誰もがあきれる野党のクイズ質問。答弁は自分で調べろで良い。国会審議は崩壊している

不毛で恥ずかしい国会質問
阿比留瑠比の極言御免
2018.11.29

 衆院予算委の集中審議で立憲民主党の山尾志桜里氏(左下)の質問に答える安倍首相=26日午前

 人情の機微をうがつ作風で知られる作家、山本周五郎は短編小説『大将首』で、主人公をからかい、おとしめようとする同僚たちのことをこう描いている。

 「何処(どこ)にもそんな人間がいるものだ。自分たちと同じ低さに下りてこないと承知しない、(中略)こういう人間は自分の卑しさを糊塗(こと)するために、あらゆる人を自分たちと同じ卑しさに堕(おと)そうとするのだ」

 唐突に山本作品を引用したのは、26日の衆院予算委員会での立憲民主党の山尾志桜里氏の出入国管理法改正案に関する質問を見ていて連想したからである。

 山尾氏は自分で安倍晋三首相の答弁を求めておきながら、野田聖子委員長の制止を無視して、首相答弁の最中に盛んにヤジを飛ばして答弁を妨害していた。

 「(きちんと)答弁できないならやめてください」

 「だって答弁できないんだもん」

 これには首相も苦笑していたが、恥ずかしくて子供には見せられない光景だと感じた。仮にも選良と呼ばれる人が、国会のルールなどなきがごとくに堂々と駄々をこねているのである。

 筆者も、この法案には疑問がある。例えば外国人労働者受け入れ人数の上限を、法務省令で定めるというが、省令などいくらでも変更できる。

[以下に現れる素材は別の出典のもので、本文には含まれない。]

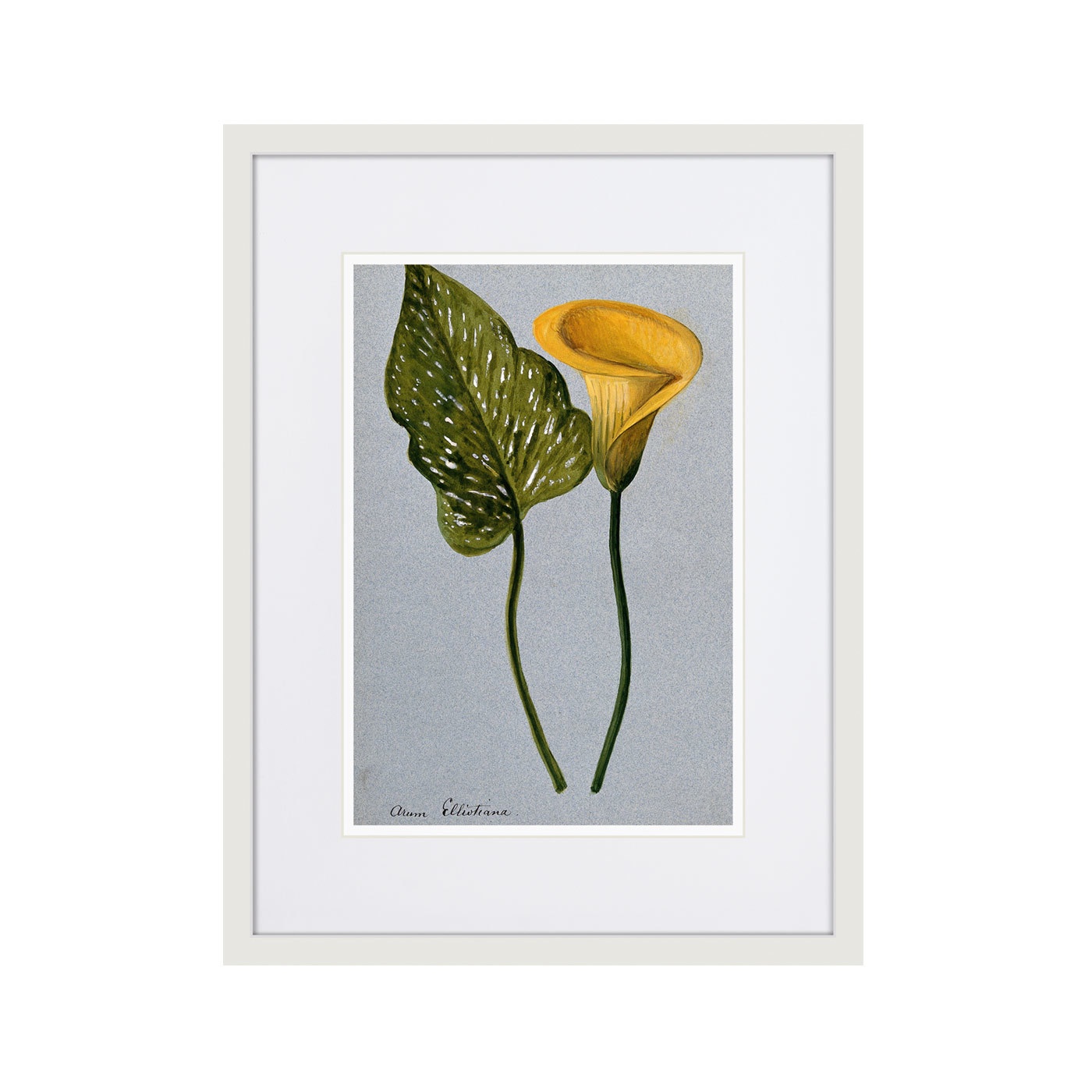 фото Картина Картины В Квартиру Yellow arum lily, 1899г., Бумага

 首相周辺は「実質的には入国管理強化法案だ」というが、安倍政権の間はうまく運営できたとしても、将来の政権がどう扱うかの不安はぬぐえない。政府答弁も曖昧なのは事実だろう。

 だが、だからといって質問者が首相答弁をヤジって「やめろ」というのは、国会質疑自体が無意味だと言っているに等しい。だとしたら、国会議員も不必要ということになろう。

 また、国民民主党の大島九州男氏が7日の参院予算委で、友人から聞いたとして桜田義孝五輪相に、韓国でイヌ料理を食べたのではないかと質問したのにもあきれた。

 桜田氏は否定していたが、大島氏は国会で何がしたかったのか。もし「食べた」と答えたら、動物愛護の精神がないとおとしめるつもりだったのだろうか。

 このほか桜田氏に対しては、五輪の基礎知識やインターネットの初歩的知識を執拗(しつよう)に問うなど、国会がクイズ番組と化したかのような場面も目立った。

 確かに桜田氏の答弁はあやふやで、野党がそこを突くのは理解できるが、全く建設的でない。何とも荒涼として不毛な国会のありさまである。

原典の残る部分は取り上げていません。